I’ve been quiet for a long time. When my head is full of what’s going on in the world, it’s hard to get into the frame of mind for a poem. I’ve tended to sit and brood, between marches, on what’s to become of us. I feel it is imperative for poets to speak about the state we’re in, but when I try to, it doesn’t necessarily make for my best poetry. It’s not emotion recollected in tranquility. However, other poets are doing better than I am. Bill Herbert and Andy Jackson have managed to collect a good crop of poems about Brexit, Austerity, Trump, and the Far Right in the latest chapter of New Boots and Pantisocracies where I was honoured to have a poem included.
It’s a year since my pamphlet came out and I’m grateful for two reviews from people who actually understand exactly what I tried to say. London Grip‘s James Roderick Burns gave a very kind review and Rennie Halstead in Sphinx talks about my interest in the outsider, here. I’ve still got a few copies of the book, by the way, if anyone wants one.
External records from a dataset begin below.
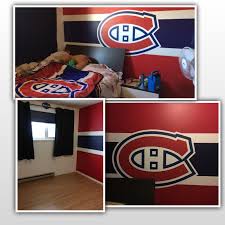 Bathroom paint colors the home depot. Habs Room Painted Official Team Colors Via Home Depot Logo Is A Fathead Sticker Large Fathead Stickers Room Paint Team Colors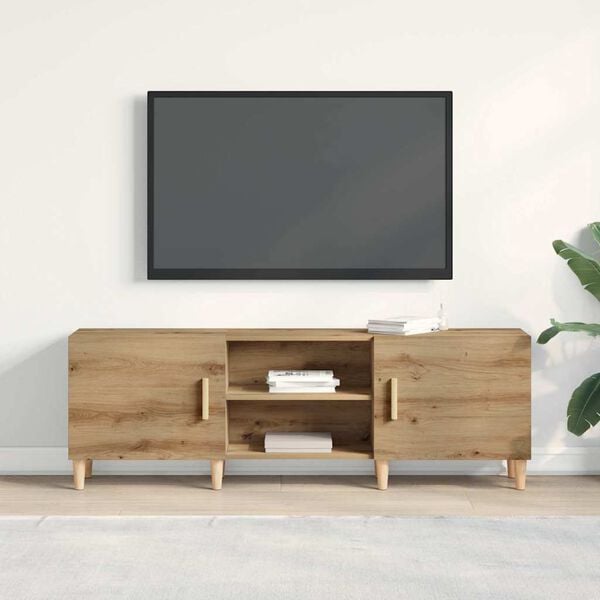 vidaXL Gabinete de TV Roble artisan 150 x 30 x 50 cm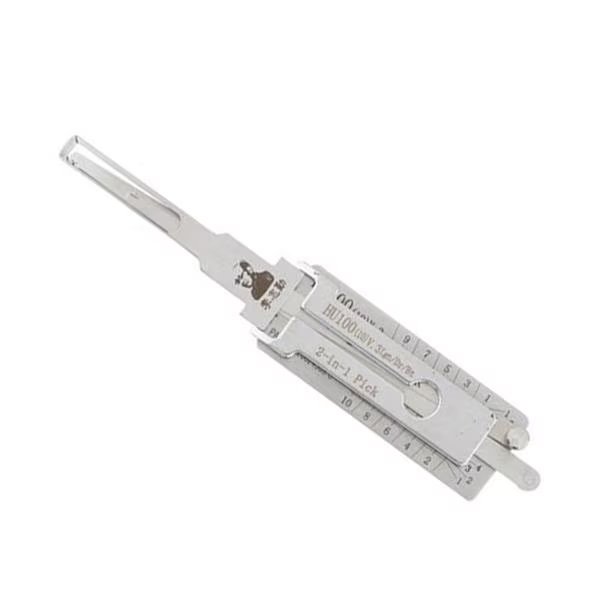 ORIGINAL LISHI: HU100 GM (10 Cuts) 2-In-1 Pick - Ignition / Door / Trunk - AG, Original Lishi, Mfr#: OLS-HU100-10CUT-AG
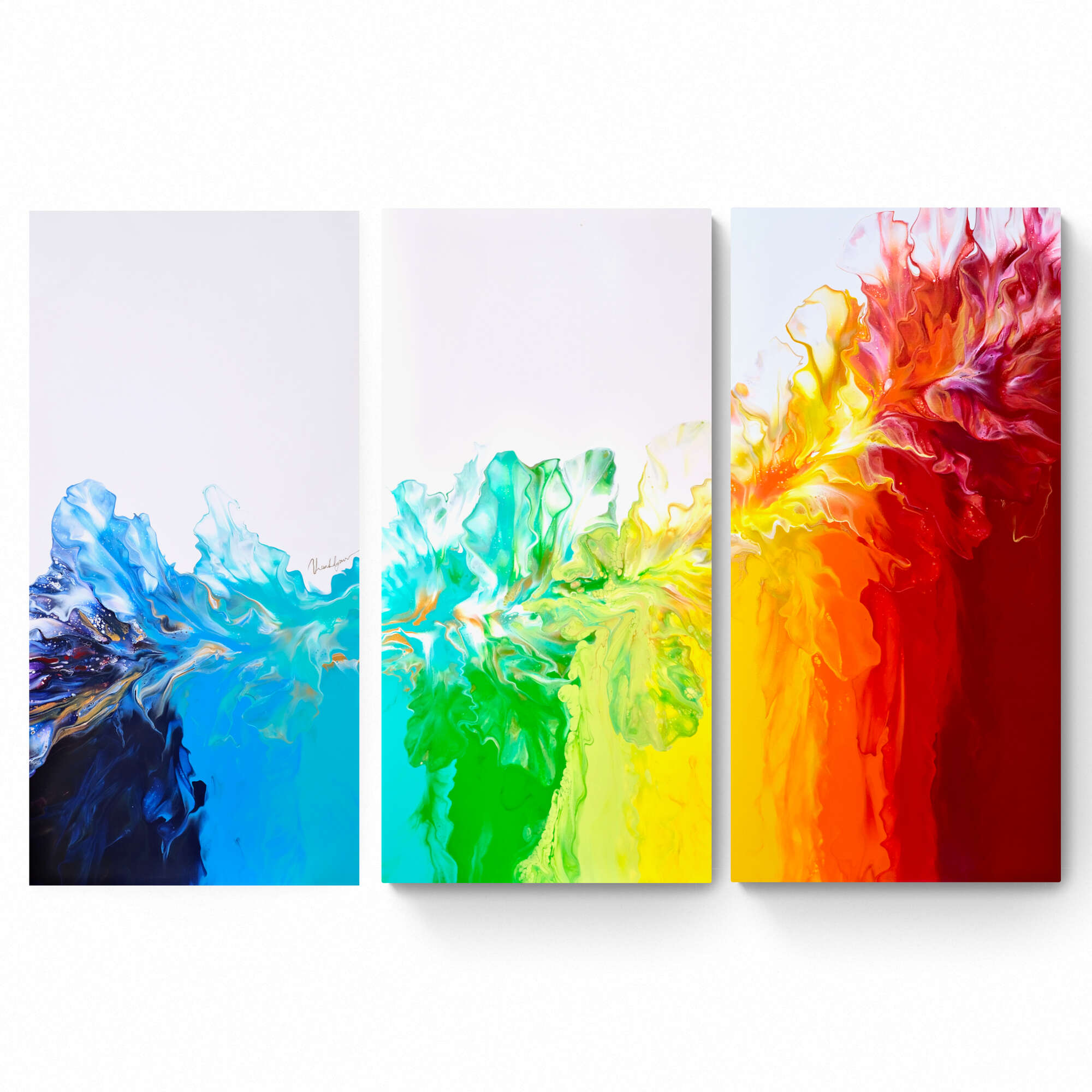Rainbow Dance Triptych |3 painting set | 135 x 90 cm image 0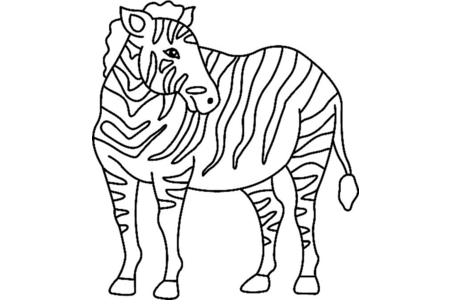 Coloriage Zèbre 03 – 10doigts.fr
In many ways, poets are always outsiders. It’s easy to notice things when you are observing them rather than being involved. It’s easier to notice the uniqueness of places and people and attitudes when you come from a different place. I remember being forcibly struck by Glyn Maxwell’s poem, ‘Come to Where I’m From‘, for a witty and poignant evocation of a place that maybe few people feel is poetic (Maxwell comes from Welwyn Garden City).
I’m still writing about places; Teesdale, where I am living now, and lots of places from my past. Since moving north five years ago I’ve noticed the huge difference between the way that poets in the Thames Valley talk about their home towns and the way Teesside poets talk about theirs. I’m a bit obsessed, right now, with what makes England, and what makes the English. That’s just a reflection of the times we live in.